Eine Entlastung dürfte die gesperrte Straße dennoch auch während des diesjährigen Weihnachtsmarktes bieten. Denn just am Fahrtor herrscht oft besonders enges Gedränge, wenn stehende Glühweintrinker die dort entlang laufenden Passanten blockieren.

Auch interessant: Mainkai-Sperrung - CDU-Stadtteilchef ruft zu Widerstand auf

Die Test-Sperrung soll zudem für einen Praxistest genutzt werden: Der Rhein-Main-Verkehrsverbund (RMV) und die Verkehrsgesellschaft (VGF) wollen einen autonom fahrenden Kleinbus zwischen beiden Brücken im Pendelbetrieb fahren lassen - als offizielle Linie, für die Öffentlichkeit nutzbar und kostenlos. Der Betrieb soll nach Informationen dieser Zeitung in der Woche ab dem 23. September und mit Continental als Partner anlaufen. Zu Detailauskünften verweist die VGF an den federführenden RMV. Doch der hüllt sich bisher, auch auf konkrete Nachfrage hin, in völliges Schweigen.

Bis Anfang September 2020 ist der Mainkai gesperrt. Fünf Tipps, wie Autofahrer den Bereich umfahren können, gibt die Redaktion hier.

Kommentar von Dennis Pfeiffer-Goldmann

Die Frankfurter und ihre Besucher sollen sich den Mainkai selbst erobern. Klar, kann man so machen. Angesichts des Test-Charakters der Straßensperrung, mag es probat sein, wenn erstmal nicht viel auf der leeren Gass' geschieht. Ein Umbau jetzt wäre herausgeworfenes Geld, wenn er rückgängig gemacht werden müsste.

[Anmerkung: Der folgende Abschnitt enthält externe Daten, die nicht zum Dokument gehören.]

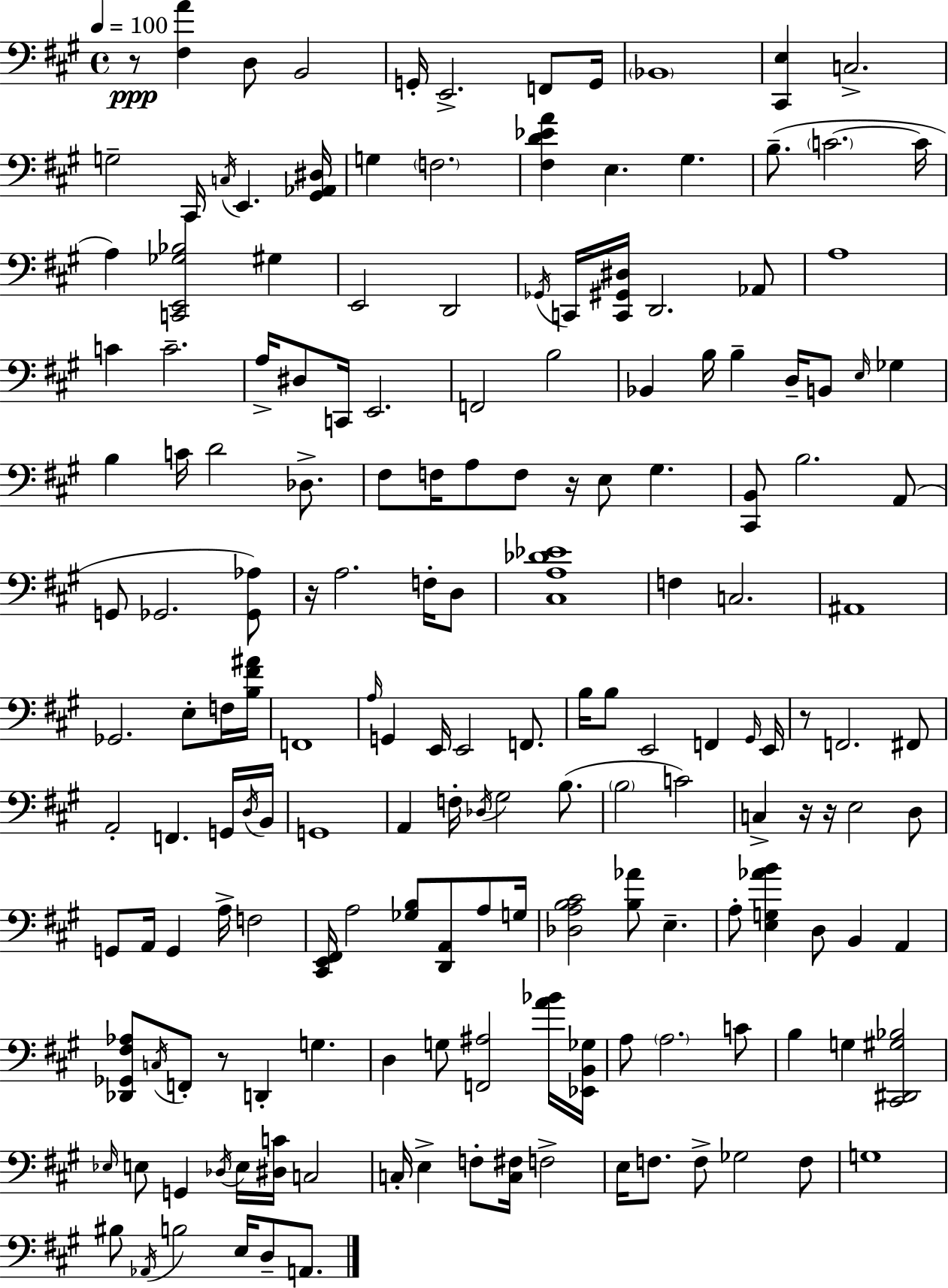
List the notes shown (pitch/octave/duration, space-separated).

R/e [F#3,A4]/q D3/e B2/h G2/s E2/h. F2/e G2/s Bb2/w [C#2,E3]/q C3/h. G3/h C#2/s C3/s E2/q. [G#2,Ab2,D#3]/s G3/q F3/h. [F#3,D4,Eb4,A4]/q E3/q. G#3/q. B3/e. C4/h. C4/s A3/q [C2,E2,Gb3,Bb3]/h G#3/q E2/h D2/h Gb2/s C2/s [C2,G#2,D#3]/s D2/h. Ab2/e A3/w C4/q C4/h. A3/s D#3/e C2/s E2/h. F2/h B3/h Bb2/q B3/s B3/q D3/s B2/e E3/s Gb3/q B3/q C4/s D4/h Db3/e. F#3/e F3/s A3/e F3/e R/s E3/e G#3/q. [C#2,B2]/e B3/h. A2/e G2/e Gb2/h. [Gb2,Ab3]/e R/s A3/h. F3/s D3/e [C#3,A3,Db4,Eb4]/w F3/q C3/h. A#2/w Gb2/h. E3/e F3/s [B3,F#4,A#4]/s F2/w A3/s G2/q E2/s E2/h F2/e. B3/s B3/e E2/h F2/q G#2/s E2/s R/e F2/h. F#2/e A2/h F2/q. G2/s D3/s B2/s G2/w A2/q F3/s Db3/s G#3/h B3/e. B3/h C4/h C3/q R/s R/s E3/h D3/e G2/e A2/s G2/q A3/s F3/h [C#2,E2,F#2]/s A3/h [Gb3,B3]/e [D2,A2]/e A3/e G3/s [Db3,A3,B3,C#4]/h [B3,Ab4]/e E3/q. A3/e [E3,G3,Ab4,B4]/q D3/e B2/q A2/q [Db2,Gb2,F#3,Ab3]/e C3/s F2/e R/e D2/q G3/q. D3/q G3/e [F2,A#3]/h [A4,Bb4]/s [Eb2,B2,Gb3]/s A3/e A3/h. C4/e B3/q G3/q [C#2,D#2,G#3,Bb3]/h Eb3/s E3/e G2/q Db3/s E3/s [D#3,C4]/s C3/h C3/s E3/q F3/e [C3,F#3]/s F3/h E3/s F3/e. F3/e Gb3/h F3/e G3/w BIS3/e Ab2/s B3/h E3/s D3/e A2/e.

Muss er aber nicht. Das ahnt nun wirklich jeder. Nie wieder wird hier Verkehr entlang rauschen. Das auszusprechen aber traut sich kein Stadtoberer. Um bloß niemanden vor den Kopf zu stoßen, den die Sperrung stört. Die diplomatische Zurückhaltung führt nun unweigerlich zu einer echten Frankfurter Lösung: die des Halbgaren. Wie der Mainkai in ein paar Jahren aussehen wird, lässt sich auf der Hauptwache anschauen. Stellen wir uns also auf ein durch Nichtstun zur Dauerlösung mutierendes Provisorium ein. Das wir alle uns natürlich dennoch erobern. Auch wenn es weder ansehnlich noch praktisch sein wird.

Für die Entscheider ist dieser Weg natürlich der einfachste. Sie machen sich keine Mühe, den verdrängten Autofahrern Alternativen zu bieten. Und sei es nur eine Pendlerstraßenbahn von den leerstehenden Neckermann-Parkdecks an der Hanauer Landstraße in die City. Die Stadtoberen machen sich auch keine Mühe, allzu aktiv das Neue am Mainkai zu gestalten. Stattdessen werden alle weitgehend sich selbst überlassen. So lässt sich zwar auch keine Begeisterung für die Sperrung entfachen. Aber es erspart wenigstens Arbeit im Römer. Und es zeigt klar, welchen Gestaltungswillen Schwarz, Rot und Grün haben: keinen.